Interview: Ángel Gurría

What are the OECD predictions for Mexico’s economic growth in the near term?

ÁNGEL GURRÍA: Forecasts have been downgraded due to weaker-than-expected growth at the end of 2018 and in the first half of 2019. The economy experienced negative growth in the first quarter of 2019 and grew only slightly in the second quarter due to both external and internal factors. Some of these factors are transitory, such as the disruptions in fuel supply or the labour strikes at the beginning of 2019. Looking ahead, we expect economic activity to pick up, with GDP growth of around 1% in 2019 and 1.8% in 2020. Consumption is set to strengthen on the back of robust remittances, lower inflation and higher social transfers, but policy uncertainty and trade tensions will continue to restrain private investment and exports. Indeed, to boost Mexico’s growth prospects, it is crucial to reduce policy uncertainty, which is dampening investment sentiment. Internally, enhancing the rule of law, reducing violence and boosting competition are key to increasing business confidence and investment.

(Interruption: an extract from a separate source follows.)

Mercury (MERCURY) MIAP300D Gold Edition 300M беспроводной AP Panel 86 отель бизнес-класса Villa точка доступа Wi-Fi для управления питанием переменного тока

Prospects would improve if the trade agreement with the US and Canada was ratified by those countries. Trade tensions between the US and China, along with weak growth in the global economy – including in the US – is denting exports and growth. Uncertainties related to migration and trade tariffs could also weigh on investment and growth. In addition, Mexico is being affected by market turbulence in other emerging economies, leading to capital outflows, asset repricing and increases in sovereign financing costs that could deteriorate its fiscal situation. Nonetheless, Mexico’s macroeconomic fundamentals remain solid, which should help the authorities navigate this turbulence.

With the lowest tax revenue as a share of GDP in the OECD, how can Mexico improve collection?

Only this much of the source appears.